ABSTRACT
Despite the plethora of schooling options in Indigenous communities, the public policy debate, research, and discourse on school choice is almost entirely absent a specific engagement with how school choice intersects issues relevant to American Indian youth and tribal nations. This article suggests that Indian Country is an important and unique context for understanding the meaning and processes of school choice because of the government-to-government relationship between tribal nations and the federal government, the sovereign status of tribal nations, the nation-building goals of tribes, and the muddled history of schooling options within Native communities. We offer an alternative way of conceptualizing “school choice” that is more applicable to Indigenous communities and that has yet to be articulated in the literature. First, while schooling options have existed in Indian Country for much longer than has been the case in other communities, the presence of schooling options has not historically been centered upon offering youth and families choices. Instead, it has been about control—control of the schooling offered to Indigenous youth, and therefore, control of youth and communities themselves. Second, while school choice policies focus on autonomy as an important governance principle to prompt change in traditional public school systems, sovereignty has and remains the most salient governance issue within Indigenous communities.
Notes
1. We use Indigenous, Native, and American Indian interchangeably to refer to the sovereign peoples in the 48 contiguous states.

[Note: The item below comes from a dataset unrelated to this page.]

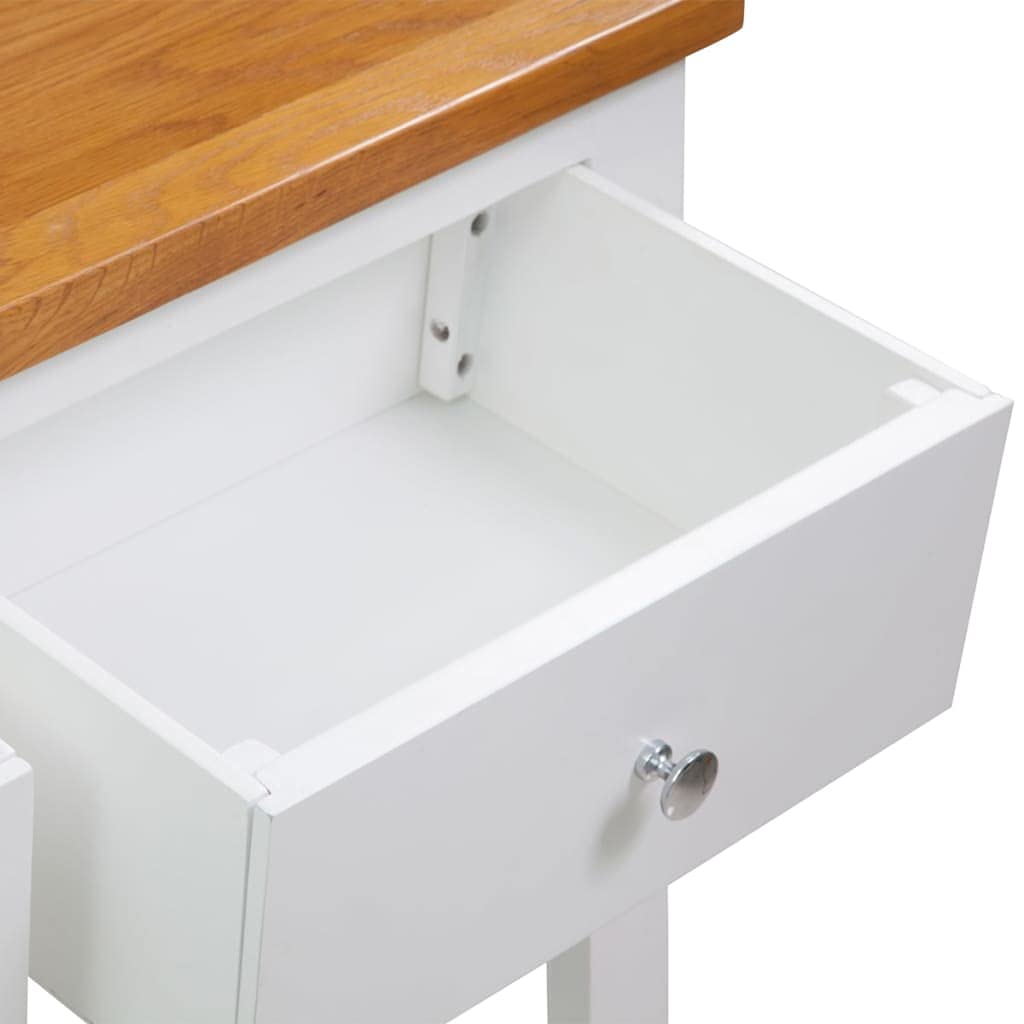 Solid Oak Wood Console Table with Drawers and Shelf F71341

2. Indian Country refers to the geographic territory governed by a tribe in the United States, including reservations, allotments, and other Indian communities.
3. The politics and subplots of Empowerment Scholarships Accounts in Arizona are rich and complex. The bill to extend ESAs to students on reservation communities was introduced by a Navajo legislator whose district includes reservation communities. The legislator has since switched political parties (Democrat to Republican) and is a highly controversial political figure.
4. There are also significant Internet access barriers in many rural Indigenous communities that are particularly problematic for the introduction of online schooling. There are homes that lack electricity and many others without reliable Internet.